India’s decision to buy 36 Rafale jets in “fly-away condition” from France, announced following Prime Minister Narendra Modi’s meeting with President Francois Hollande, is aimed at making up a critical shortfall in the combat strength of the Indian Air Force.
Modi said the Rafale jets were being bought due to the “critical operational necessity” of the IAF. He said the terms would be better than the stalled negotiations for the acquisition of 126 jets and that officials will soon take the issue forward.
The 36 jets will be delivered according to a timeframe compatible to the IAF’s requirements, and weapons, systems and aircraft would be of the same configuration as approved by the IAF and with a longer maintenance responsibility for France.
India requires 45 combat squadrons to counter a two-front threat from China and Pakistan but has only 34 squadrons with about 18 aircraft each. The new jets will be adequate for two squadrons.
The Rafale jets will be purchased through a government-to-government deal worth $4.2 billion, without any “Make in India” or technology transfer component, underlining the urgent need to replace ageing MiG-21 and MiG-27 aircraft that will be phased out over the next few years.

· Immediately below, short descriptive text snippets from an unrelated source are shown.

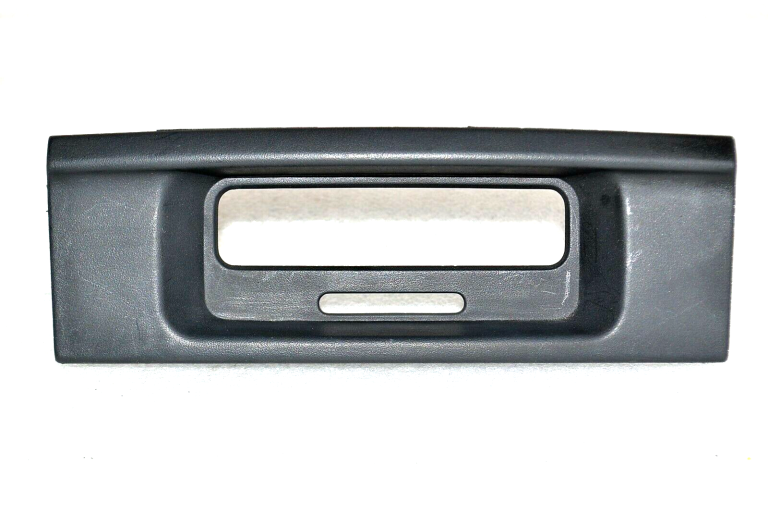 Renault Trafic II Vivaro A ekrāna rāmja paneļi 8200184607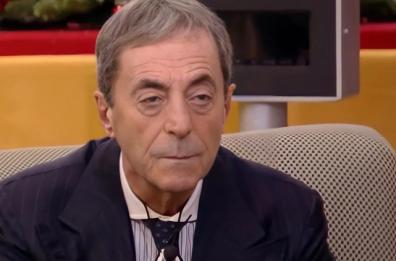 Gf Vip, la compagna di Attilio Romita gli recapita lettera dell'avvocato: «Non rientrerai a casa»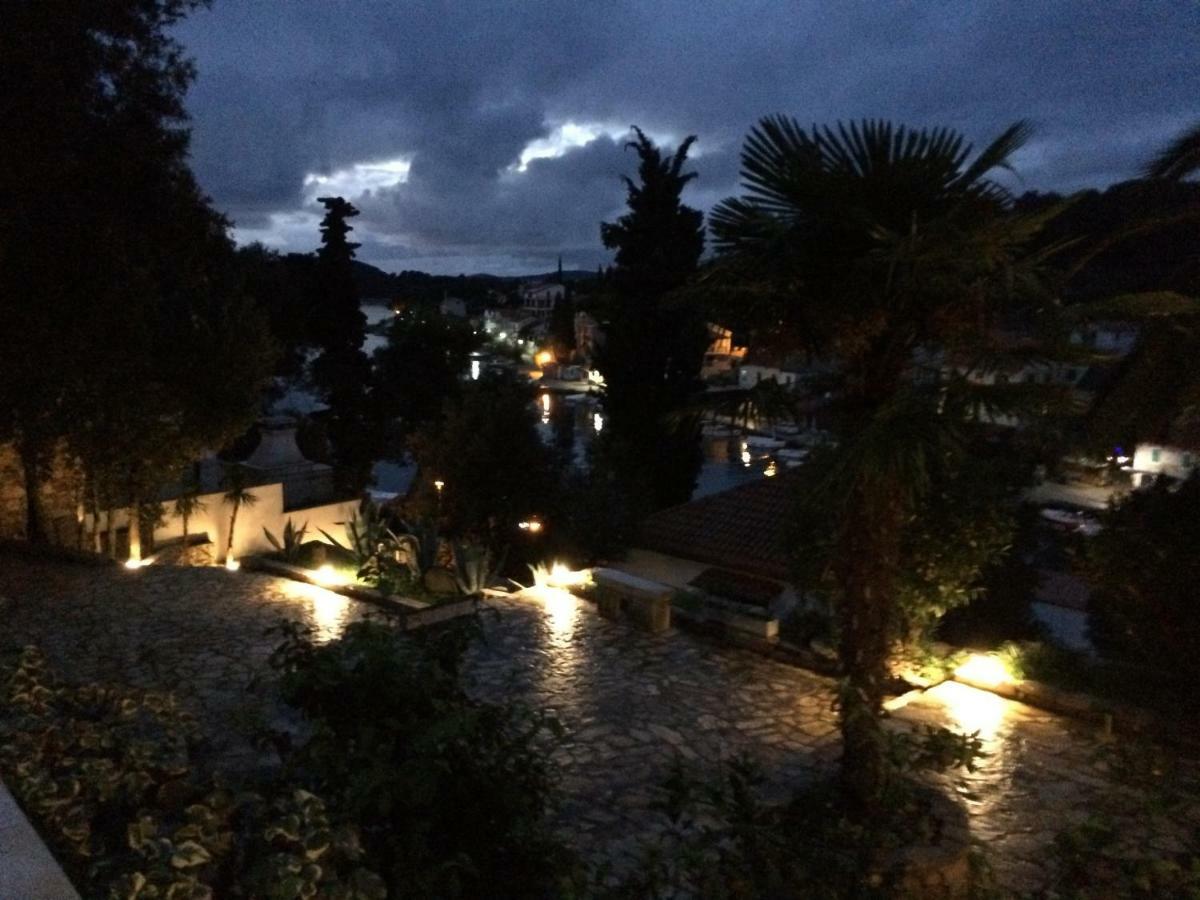Apartment In Maslinica 70M From The Sea 外观 照片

The IAF currently has 14 squadrons equipped with these Russian-origin jets. A plan to replace the Russian jets with the indigenous Tejas light combat aircraft too ran into problems because the Tejas is unlikely to be get operational clearance for some more time.
The IAF had been pushing for the direct purchase of two squadrons of Rafale jets to scale up its dwindling combat capabilities, defence sources said. Hindustan Times had reported on Friday that New Delhi was seriously considering the strategic purchase of up to 40 Rafale jets through the government-to-government route to boost the IAF’s combat readiness.
The decision to directly buy enough jets to equip two squadrons reflects the urgency to maintain the IAF’s traditional air superiority over Pakistan, which may be severely diluted if new fighters are not inducted at the earliest.
As part of its plans to acquire 126 combat jets, India had selected Rafale fighters over Typhoons in January 2012 after the French firm Dassault Aviation emerged the lowest bidder.
The 2012 deal envisaged only 18 ready-to-fly Rafales supplied to the IAF by this year, and the remaining 108 to be manufactured under licence in India. However, the two sides haven’t been able to seal the deal as yet because of differences over pricing and the offset component.
In an interview to Hindustan Times last September, IAF chief Arup Raha had said it was critical to keep the Rafale fighter deal on schedule as the force could not afford any more delays.
Raha has also said that India had no Plan B if negotiations with Dassault Aviation to buy Rafale jets collapsed. He said the IAF needs to induct medium multi-role combat aircraft (MMRCA) soon and also ruled out the possibility of buying more Sukhoi-30 fighters if talks with Dassault Aviation failed.
The IAF told a parliamentary panel last year that a “collusive threat” from China and Pakistan would be difficult to tackle, making a strong case for beefing up its force levels.
India is years behind the Chinese military with the Communist neighbour currently outnumbering the country’s combat power by a 3:1 ratio. India’s hopes to bridge the gap in the next 15 to 20 years, depending on the availability of funds.
The 36-jet order is Dassault’s biggest yet abroad – estimated to be worth nearly $4.2 billion. France sold 24 Rafale jets to Egypt earlier this year.
Defence minister Jean-Yves Le Drian told reporters after Modi’s announcement that all 36 jets will be made in France. Negotiations, meanwhile, will continue on finalising the initial 126-jet agreement.